A person wanting to file for child support will typically need to prepare a petition to establish child support, a summons, an interim motion for child support, a request for a hearing and a notice of hearing. The petition generally will name the parties/parents/guardians involved, identify the children, and contain requests to establish paternity and to calculate and set child support. The person who initiates the action to file for child support is the petitioner, and the person answering is the respondent. After each document is prepared, the petitioner will need to make two copies of each document and submit the original and the copies to the court. The court will take the documents, place the proper stamp or endorsements on the documents, keep the originals, and give the copies back to the petitioner.
The rules concerning a petition to file for child support will vary in each jurisdiction. These rules will usually have a section specifically relating to child support matters, which the court usually calls domestic relations. In addition, each court will have its own local rules of procedure, which will also have specific rules relating to domestic relations cases. A person intending to file for child support must review and comply with these rules.
In addition to the petition to establish child support, the petitioner will need to prepare a summons form. A summons is an official document that orders the respondent to file an answer to the petition within a specified time, usually 30 days. The summons will also contain a section that the server must complete after he serves it on the respondent. The summons form is contained in the rules of procedure, and the petitioner must submit this form to the court along with the petition to file for child support.
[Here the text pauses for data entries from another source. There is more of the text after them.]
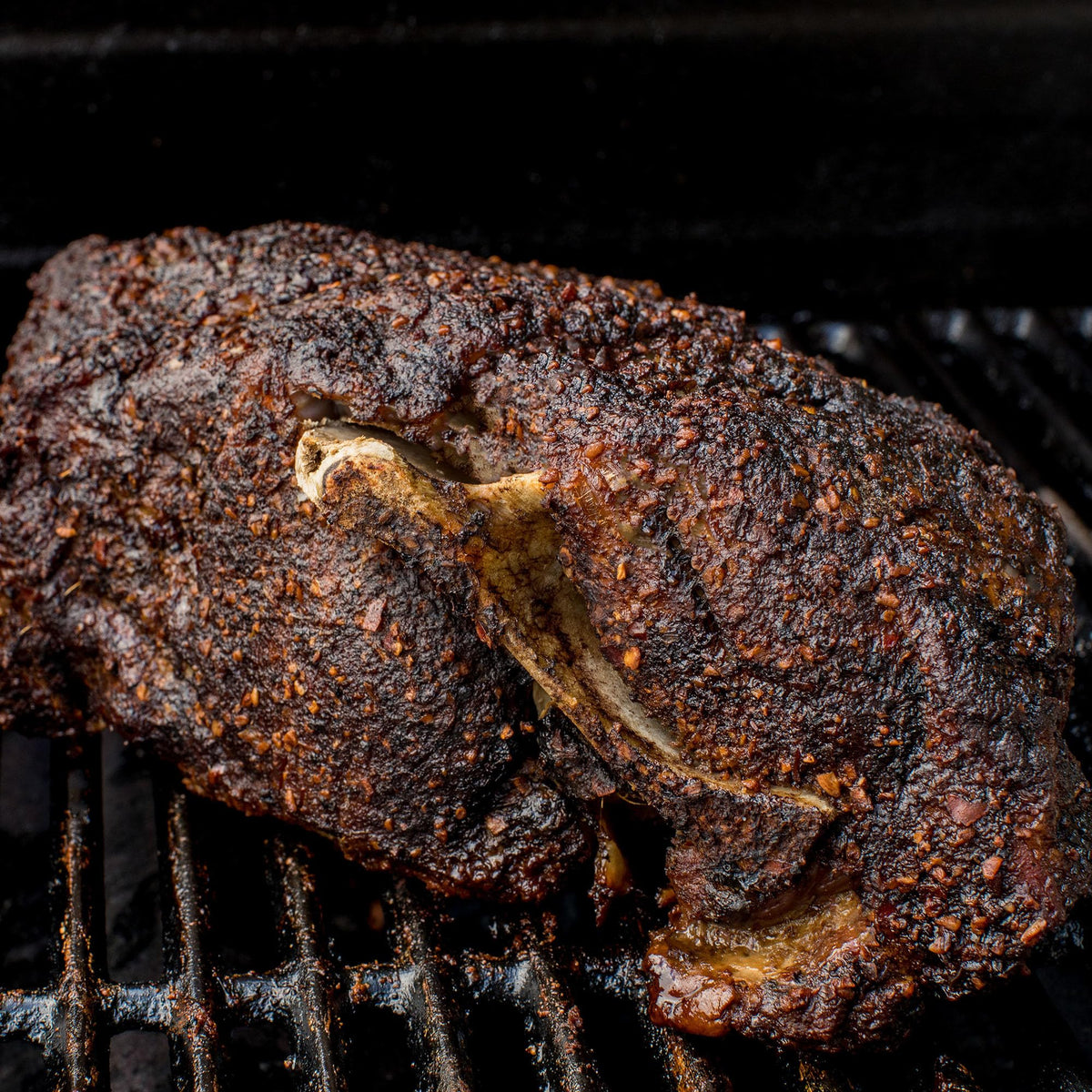 McCormick Applewood Rub by Grill Mates – 10 Ounce (Pack of 1)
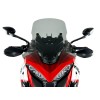 Deflectoare MULTISTRADA V4 DARK ALTE DU031FS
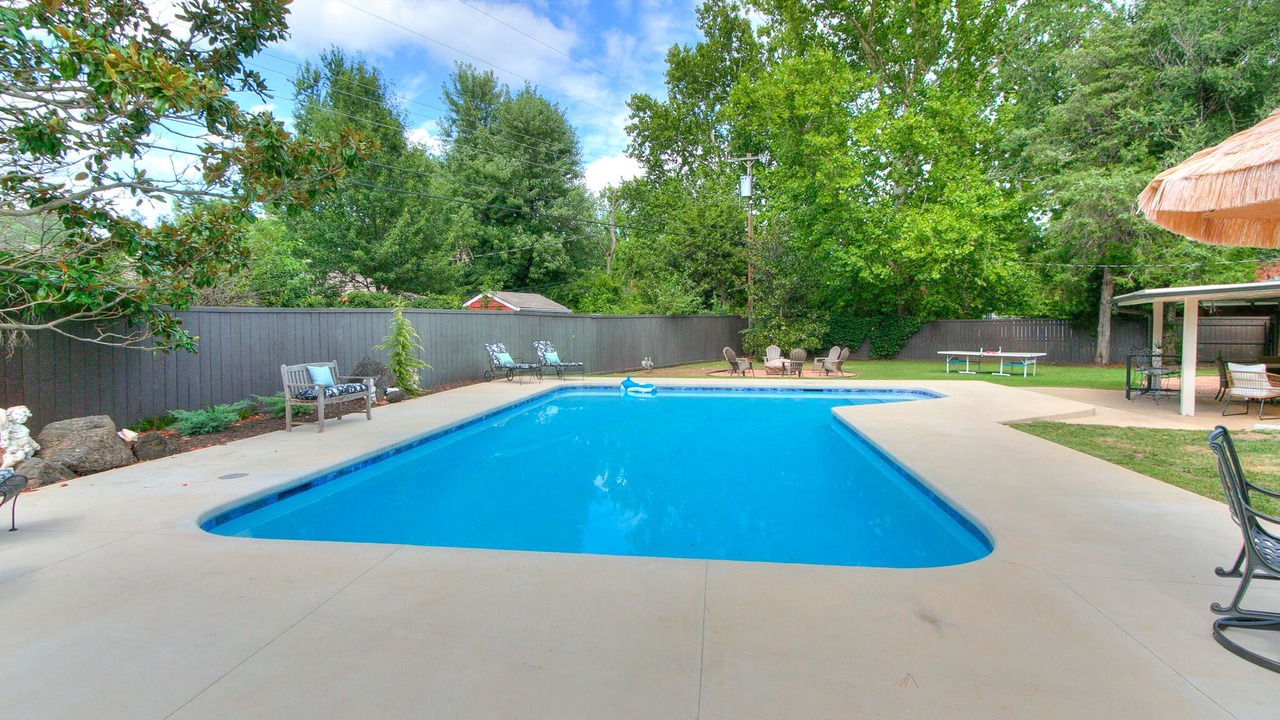 Photo of Outdoor in Norman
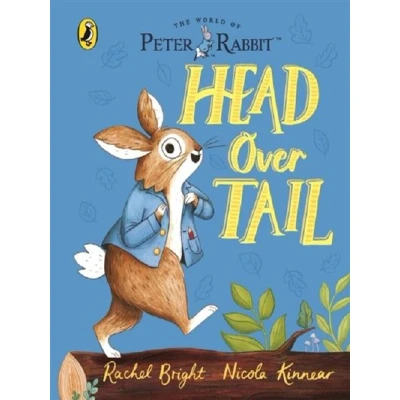 Image de Head over tail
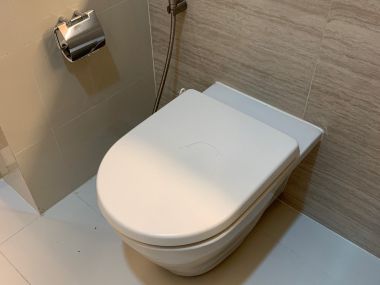 For rent! !! at MODE Sukhumvit 61 1 Bedroom 1 Bathroom 35,000/month Fully furnished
The court will take the form and place an official stamp or seal on the form to authorize it for service on the respondent.
A petitioner may also file a motion to establish interim child support at the same time that the petition to establish child support is filed. Interim means temporary, and this motion is a request that the court set up an immediate temporary order for the payment of child support. This is necessary because of the delays involved with the process of establishing child support. When a person takes action to file for child support, the process entails 30 days for the respondent to file an answer to the petition, delays stemming from the parties conducting discovery, and delays in getting a hearing set before the court, which could be months. A motion for interim support allows the court to conduct an expedited hearing to set up a temporary child support order while the case is pending.
The petitioner will also need to prepare a request for hearing and a notice-of-hearing form. These forms apply to the motion for interim child support. The request-for-hearing form is a request that the court set an expedited hearing on the motion for interim support. The notice of hearing form will contain blank sections, which the court will fill in with the date and time of hearing. Many local courts require the party requesting a hearing to complete these forms and submit them to the court along with self-addressed, stamped envelopes to each party, so the court can send hearing notices to the parties.
Many jurisdictions also will require the petitioner to submit a form called an information sheet. The rules of procedure will usually contain the form, which a petitioner must complete and file with the court along with the initial petition. This form requires special information relating to the children. Each state uses this form, through its child support enforcement agency, to enforce payment of child support. The agency uses the information to pursue the person responsible for paying child support, if he or she fails to make payments as ordered.